Depuis l'ouverture des négociations, le commissaire s'est comporté comme un homme du passé, incapable d'adopter une approche moderne des relations de travail.

En janvier dernier, interrogé sur les pourparlers à venir, Bettman avait déclaré: «Je souhaite qu'ils soient rapides et sans douleur. Ce serait dans le meilleur intérêt de tous.»

S'il était sérieux, pourquoi sa première offre a-t-elle constitué une déclaration de guerre? A-t-il vraiment cru qu'en exigeant un déluge de concessions, il favoriserait une entente rapide?

Évidemment, Bettman n'a jamais pensé que cette offre serait acceptée. Il s'agissait pour lui d'une «invitation» à amorcer les pourparlers. Elle a plutôt eu l'effet de braquer les joueurs.

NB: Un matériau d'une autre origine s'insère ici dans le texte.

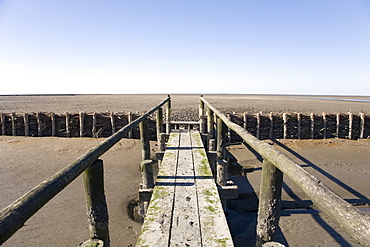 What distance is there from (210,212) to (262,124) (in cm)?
939

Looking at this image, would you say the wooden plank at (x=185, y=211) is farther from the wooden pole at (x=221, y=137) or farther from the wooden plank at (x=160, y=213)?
the wooden pole at (x=221, y=137)

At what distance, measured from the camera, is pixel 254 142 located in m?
2.19

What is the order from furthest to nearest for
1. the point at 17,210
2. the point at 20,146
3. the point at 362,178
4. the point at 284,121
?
1. the point at 284,121
2. the point at 20,146
3. the point at 362,178
4. the point at 17,210

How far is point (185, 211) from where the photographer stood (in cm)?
263

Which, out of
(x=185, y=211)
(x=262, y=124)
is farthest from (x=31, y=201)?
(x=262, y=124)

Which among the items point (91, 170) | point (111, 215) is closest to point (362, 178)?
point (111, 215)

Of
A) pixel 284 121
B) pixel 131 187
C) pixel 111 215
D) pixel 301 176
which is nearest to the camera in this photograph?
pixel 301 176

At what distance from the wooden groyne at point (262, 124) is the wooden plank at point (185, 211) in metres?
7.36

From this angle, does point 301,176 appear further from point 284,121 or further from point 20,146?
point 20,146

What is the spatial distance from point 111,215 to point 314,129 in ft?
34.2

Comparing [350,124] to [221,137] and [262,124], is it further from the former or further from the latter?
[221,137]

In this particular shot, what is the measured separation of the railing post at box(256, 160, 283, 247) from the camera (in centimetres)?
182

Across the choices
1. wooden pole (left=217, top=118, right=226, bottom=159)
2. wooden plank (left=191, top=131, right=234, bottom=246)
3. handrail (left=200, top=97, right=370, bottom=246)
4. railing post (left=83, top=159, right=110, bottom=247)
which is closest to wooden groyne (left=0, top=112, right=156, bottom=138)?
wooden pole (left=217, top=118, right=226, bottom=159)

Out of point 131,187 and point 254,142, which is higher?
point 254,142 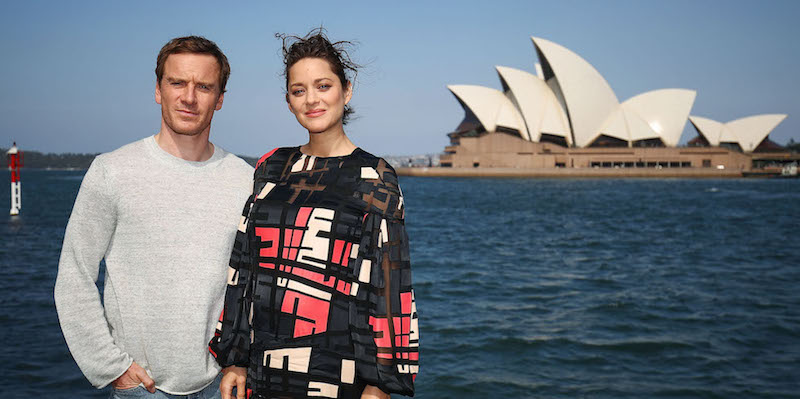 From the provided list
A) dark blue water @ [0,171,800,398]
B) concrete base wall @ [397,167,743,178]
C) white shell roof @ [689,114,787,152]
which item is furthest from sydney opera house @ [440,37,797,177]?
dark blue water @ [0,171,800,398]

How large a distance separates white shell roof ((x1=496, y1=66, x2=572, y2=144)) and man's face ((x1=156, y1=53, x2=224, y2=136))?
4843cm

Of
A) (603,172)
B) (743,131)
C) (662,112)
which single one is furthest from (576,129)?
(743,131)

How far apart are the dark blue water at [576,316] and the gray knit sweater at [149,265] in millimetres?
3448

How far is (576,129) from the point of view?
50.3 m

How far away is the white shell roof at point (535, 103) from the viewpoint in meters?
48.4

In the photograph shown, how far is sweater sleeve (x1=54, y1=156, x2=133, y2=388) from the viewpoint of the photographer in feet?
4.58

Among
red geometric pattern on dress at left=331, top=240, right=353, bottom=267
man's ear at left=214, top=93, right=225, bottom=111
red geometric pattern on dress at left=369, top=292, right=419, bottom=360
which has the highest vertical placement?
man's ear at left=214, top=93, right=225, bottom=111

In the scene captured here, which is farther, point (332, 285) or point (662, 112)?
point (662, 112)

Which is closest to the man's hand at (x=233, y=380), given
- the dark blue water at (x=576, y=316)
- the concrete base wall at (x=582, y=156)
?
the dark blue water at (x=576, y=316)

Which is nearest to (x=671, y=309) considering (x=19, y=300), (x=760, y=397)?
(x=760, y=397)

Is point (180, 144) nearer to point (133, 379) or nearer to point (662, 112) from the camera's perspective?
point (133, 379)

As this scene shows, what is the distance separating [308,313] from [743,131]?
67.0 meters

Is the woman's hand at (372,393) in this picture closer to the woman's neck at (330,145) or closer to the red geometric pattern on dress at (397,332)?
the red geometric pattern on dress at (397,332)

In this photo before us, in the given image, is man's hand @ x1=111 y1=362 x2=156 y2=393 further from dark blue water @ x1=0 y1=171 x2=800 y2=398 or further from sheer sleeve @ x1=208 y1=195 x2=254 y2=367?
dark blue water @ x1=0 y1=171 x2=800 y2=398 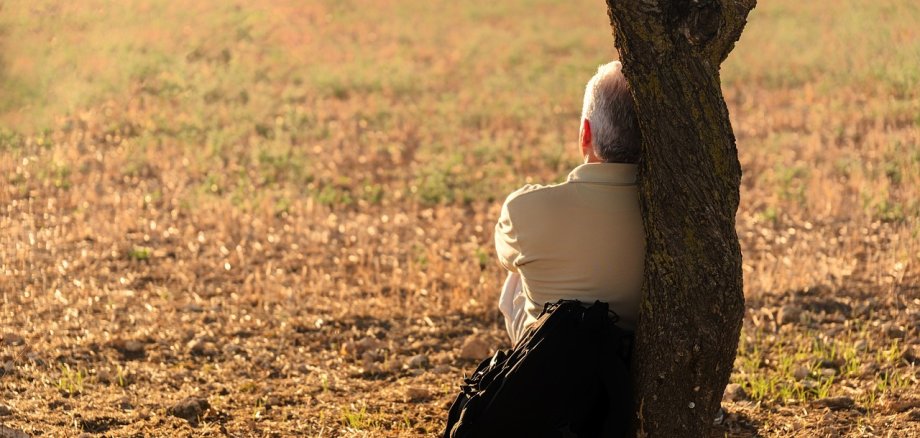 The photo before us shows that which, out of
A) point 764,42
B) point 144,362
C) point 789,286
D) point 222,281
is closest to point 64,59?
point 222,281

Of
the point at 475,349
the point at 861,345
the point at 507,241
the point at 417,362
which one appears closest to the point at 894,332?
the point at 861,345

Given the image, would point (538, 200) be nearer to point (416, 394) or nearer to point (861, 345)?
point (416, 394)

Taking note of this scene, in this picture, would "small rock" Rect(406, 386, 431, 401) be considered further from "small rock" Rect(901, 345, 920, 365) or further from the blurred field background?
"small rock" Rect(901, 345, 920, 365)

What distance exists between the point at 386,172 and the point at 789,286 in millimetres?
5069

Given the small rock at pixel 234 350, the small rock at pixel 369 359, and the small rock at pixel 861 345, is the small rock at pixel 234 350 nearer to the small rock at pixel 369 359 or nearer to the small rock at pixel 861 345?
the small rock at pixel 369 359

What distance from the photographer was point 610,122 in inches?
160

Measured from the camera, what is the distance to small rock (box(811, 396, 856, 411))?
5.29 metres

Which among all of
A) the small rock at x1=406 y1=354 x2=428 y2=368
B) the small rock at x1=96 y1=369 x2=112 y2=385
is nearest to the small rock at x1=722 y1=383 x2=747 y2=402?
the small rock at x1=406 y1=354 x2=428 y2=368

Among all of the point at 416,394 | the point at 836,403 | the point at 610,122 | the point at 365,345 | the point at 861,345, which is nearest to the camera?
the point at 610,122

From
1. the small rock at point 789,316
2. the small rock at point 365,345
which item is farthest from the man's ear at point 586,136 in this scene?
the small rock at point 789,316

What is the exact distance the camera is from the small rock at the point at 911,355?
5843 mm

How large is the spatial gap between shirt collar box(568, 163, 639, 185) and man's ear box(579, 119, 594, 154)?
84mm

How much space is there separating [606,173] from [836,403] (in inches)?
80.4

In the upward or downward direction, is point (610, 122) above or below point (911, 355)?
above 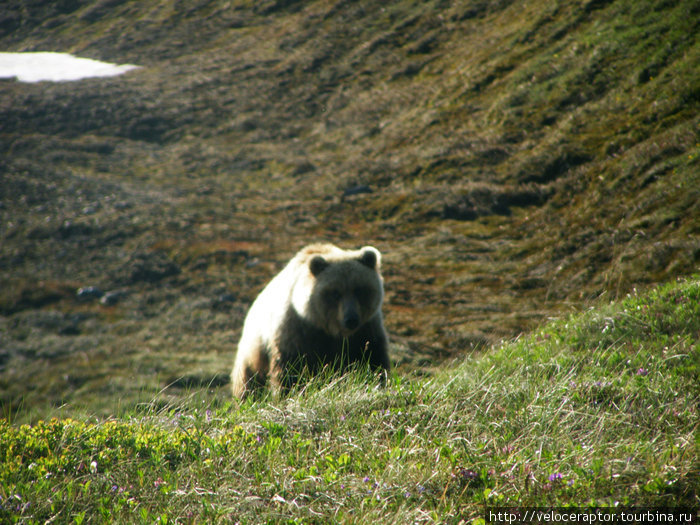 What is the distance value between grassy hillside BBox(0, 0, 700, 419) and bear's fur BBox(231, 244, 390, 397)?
1.36 metres

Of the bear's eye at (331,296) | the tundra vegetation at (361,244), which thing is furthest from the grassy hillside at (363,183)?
the bear's eye at (331,296)

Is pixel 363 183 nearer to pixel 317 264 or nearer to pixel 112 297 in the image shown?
pixel 112 297

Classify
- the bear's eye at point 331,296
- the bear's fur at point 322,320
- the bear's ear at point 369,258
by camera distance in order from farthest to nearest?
the bear's ear at point 369,258 → the bear's eye at point 331,296 → the bear's fur at point 322,320

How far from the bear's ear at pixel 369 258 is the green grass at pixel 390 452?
2447 mm

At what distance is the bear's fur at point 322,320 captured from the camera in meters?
6.48

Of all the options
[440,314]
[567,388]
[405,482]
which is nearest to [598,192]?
[440,314]

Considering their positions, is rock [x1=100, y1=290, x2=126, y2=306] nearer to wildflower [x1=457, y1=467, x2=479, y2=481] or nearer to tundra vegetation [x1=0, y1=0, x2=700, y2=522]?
tundra vegetation [x1=0, y1=0, x2=700, y2=522]

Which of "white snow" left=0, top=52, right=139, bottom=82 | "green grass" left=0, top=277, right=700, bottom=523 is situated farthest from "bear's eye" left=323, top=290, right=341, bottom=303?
"white snow" left=0, top=52, right=139, bottom=82

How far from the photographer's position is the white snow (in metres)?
A: 44.9

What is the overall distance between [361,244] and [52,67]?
129ft

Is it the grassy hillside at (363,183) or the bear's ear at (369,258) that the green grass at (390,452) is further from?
the bear's ear at (369,258)

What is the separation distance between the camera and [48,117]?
124 feet

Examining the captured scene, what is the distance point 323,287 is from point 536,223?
43.6 feet

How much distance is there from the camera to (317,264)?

Et de solidifier leur solidarité.

Cela dit, la journée rocambolesque d'hier ébranlera sûrement plusieurs joueurs. Ce sera à Donald Fehr de maintenir l'unité. Les prochaines heures seront déterminantes.

Quant à Bettman, souhaitons qu'une fois le conflit réglé, il entreprenne une réflexion en profondeur sur son avenir.